Now a little explanation on what happens in this middleware.

Note: If you are not familiar with how middlewares work go and check Django Middlewares.

Back to the code. First we split the URL by ‘/’ and take the second element(this is where our language code should be) and store in lang_path(8).
URLS_WITHOUT_LANGUAGE_REDIRECT is just a list of URLs that should not be redirected, if lang_path matches any of the URLs we return None i.e. the request is not changed(9-10). This is used for sections of the site that are not language specific for example media stuff.
Then we get language based on the request(11-13).
If lang_path is empty then the user has requested the home page and we redirect him to the correct language version of it(14-15).
If lang_path does not match any of the declared languages this mean that the language code is missing from the URL and the user is redirected to the correct language version of this page(16-17).

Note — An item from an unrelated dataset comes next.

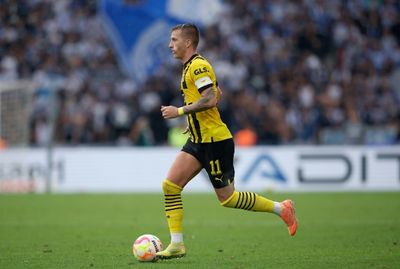 Reus helps Dortmund to top spot with goal in win over Hoffenheim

To make the middleware above to work you have to update your settings.py.
First add the middleware to your MIDDLEWARE_CLASSES – in my case the path is ‘middleware.URLMiddlewares.CustomMultilingualURLMiddleware’.

Second add URLS_WITHOUT_LANGUAGE_REDIRECT list and place there the URLs that should not be redirected, example:

URLS_WITHOUT_LANGUAGE_REDIRECT = [
    'css',
    'js',
]

Specialties: If the language code is not in the URL and there is no language cookie set your browser settings will be used to determine your preferred language. Unfortunately most of the users do not know about this option and it often stays set to its default value. If you want this setting to be ignored just add the following code after line 10 in the middleware above:

if request.META.has_key('HTTP_ACCEPT_LANGUAGE'):
    del request.META['HTTP_ACCEPT_LANGUAGE']

It removed the HTTP_ACCEPT_LANGUAGE header sent from the browser and Django uses the language set in its settings ad default.

URLS_WITHOUT_LANGUAGE_REDIRECT is extremely useful if you are developing using the built in dev server and serve the media files trough it. But once you put your website on production I strongly encourage you to serve these files directly by the web server instead of using Django static serve.

Final words: In Django 1.4 there will be big changes about multilingual URLs but till then you can use this code will improve your website SEO. Any ideas of improvement will be appreciated.